The Montgomery Area Food Bank (MAFB), a nonprofit organization serving senior citizens in Alabama, recently put a “young” spin on an “old” program – and found gold: The MAFB was recognized with a 2014 IMAB Integrated Marketing Award.
The MAFB improves the lives of more than 330,000 people every year, providing free food to individuals and families in need by distributing groceries and other necessities, and partnering with more than 800 agencies. The Senior Supplement Program, one of MAFB’s many life-changing services, provides nourishing food to elderly citizens across Alabama. Each month, all participating seniors receive a box filled with 25 to 35 pounds of nutritious food carefully selected for the special needs of older citizens.
But at one point, this relied-up service was in jeopardy – the Senior Supplement program had been struggling, and with funding so low, any hopes of program expansion were put on hold indefinitely – MAFB has not been able to add any new seniors to the program in over a year.

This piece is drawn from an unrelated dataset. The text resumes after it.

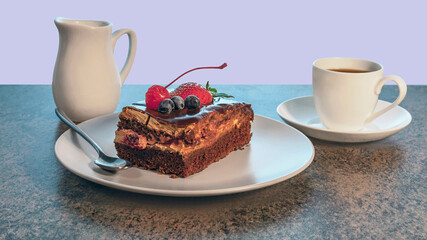 a piece of delicious homemade cake on a plate and a cup of tea on a saucer on a wooden kitchen table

Finding Gold in Something Old
The MAFB realized they had to make a change to achieve their goals of increased engagement and overall support for the Senior Supplement Program. In their new strategy, MAFB switched the focus of their marketing, to call attention to the program itself and allow supporters to get to know the seniors they serve. The MAFB did this by sharing personal stories from participants, a smart way to educate donors on how the Senior Supplement Program profoundly improves the lives of seniors in need. The MAFB also began showing program-specific donors results to acknowledge the impact of their gifts and foster an emotional connection between the donor and the seniors.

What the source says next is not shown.